Tuesday, 8 January 2013

Picasa as (random) data storage

People have been using Gmail storage space for backup purpose, GmailFS is one of such projects. What I propose here is to use Google Picasa: Storage space is unlimited, as long as your image dimensions do not exceed 2048x2048 pixels. By encoding data to appear as a image, you could potentially get unlimited storage space.
Disclaimer: This may be a gray area in terms of Google terms of Service. I can't find anything that explicitly forbids doing what I describe here, but I would not be surprised if your data suddenly disappears, or if your account gets suspended (it happened for people using GmailFS), especially if you start uploading terabytes of data...
Anyway, I would not use it for serious data backup, and I don't use it myself. I just thought the idea was fun.
Alright. The first step is to install the 2 tools we will need:
  • Google command line (googlecl package on Archlinux)
  • Imagemagick (imagemagick package)
Then, pick a file you want to upload. I created a simple text file. The text is only a few hundreds byte long, so I encoded a JPEG image in base64, and appended it to the text:
Hello World!

File below (a jpeg image), can be decoded with:
tail -n +10 myfile | base64 -d > img.jpg

Random ideas of a drinking cat
-- http://drinkcat.blogspot.com/

BEGIN
/9j/4AAQSkZJRgABAQAAAQABAAD/4QlERXhpZgAASUkqAAgAAAACADEBAgAHAAAAJgAAAGmHBAAB

[many lines of base64 encoded content]
The total file length is 73305 bytes. This can easily fit in a 256x256 color image: each pixel takes 3 bytes, one for each of the 3 base colors (red, green, blue). 256 * 256 * 3 = 196608 bytes. But remember, you can store much more than that in one image: the maximum "free" image size is 2048x2048, that's 12 MiB. You just need to split your data in chunks of 12 MiB, and you can store as much data as you want.

We are going to create a PNG file out of the data. We use PNG instead of JPEG, because PNG uses a lossless compression algorithm, while JPEG compression is lossy: it tries to minimize differences in image, according to what the human eye perceives. Good for pictures of real things, but not good when you're trying to recover the exact information you put in the image.
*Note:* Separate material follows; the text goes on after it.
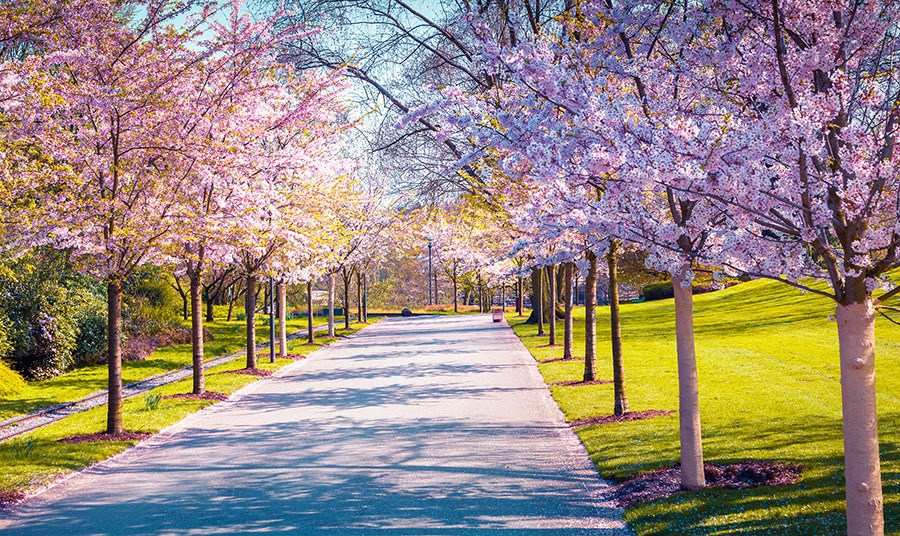 Hotels in Phoenix for Spring Training, Tempe Festival of the Arts & more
We can use Imagemagick to create the PNG file:
convert -size 256x256 -depth 8 RGB:myfile myfile.png
However, this outputs:
convert: unexpected end-of-file `myfile': No such file or directory @ error/rgb.c/ReadRGBImage/231.
This is because the text file is not long enough to cover the whole 256x256 image.
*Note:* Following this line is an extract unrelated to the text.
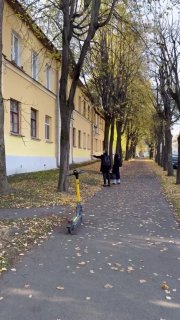A plump squirrel spotted in Osmolovka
The workaround is simple: let's create a blank file of the correct size, and overwrite the beginning of the file with our text file:
dd if=/dev/zero of=pad bs=1 count=196608
dd if=myfile of=pad conv=notrunc
The notrunc option makes sure the output file is not truncated before the content of myfile is written.
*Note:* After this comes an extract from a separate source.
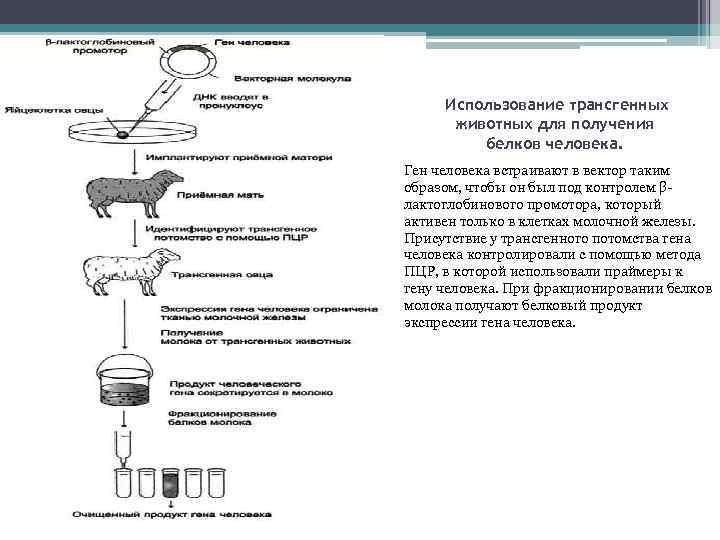 Схема получения трансгенного животного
Now we can convert the file:
convert -size 256x256 -depth 8 RGB:myfile myfile.png
And we get this (not-so-)beautiful image.
The encoded image.
You can see some black lines patterns in the image. This corresponds to the new lines in the base64 encoded image: every 77 characters, there is a line feed. The line feed has ASCII value 10, i.e. quite dark, while the rest are printable characters with values above 60 (darkish gray).

Now we can easily recover the content. Download the image as myfile2.png, then run:
convert myfile2.png RGB:pad
dd if=pad2 of=myfile2 bs=1 count=73305
And you can check that myfile and myfile2 are identical.

We could of course automate the process, but that's not the point here (feel free to do it if you want to take the risk of using Picasa as a sharing facility).

A nicer, and more "subversive" way is steganography. Steganography embeds data in an otherwise normal looking image. But that will be for another post.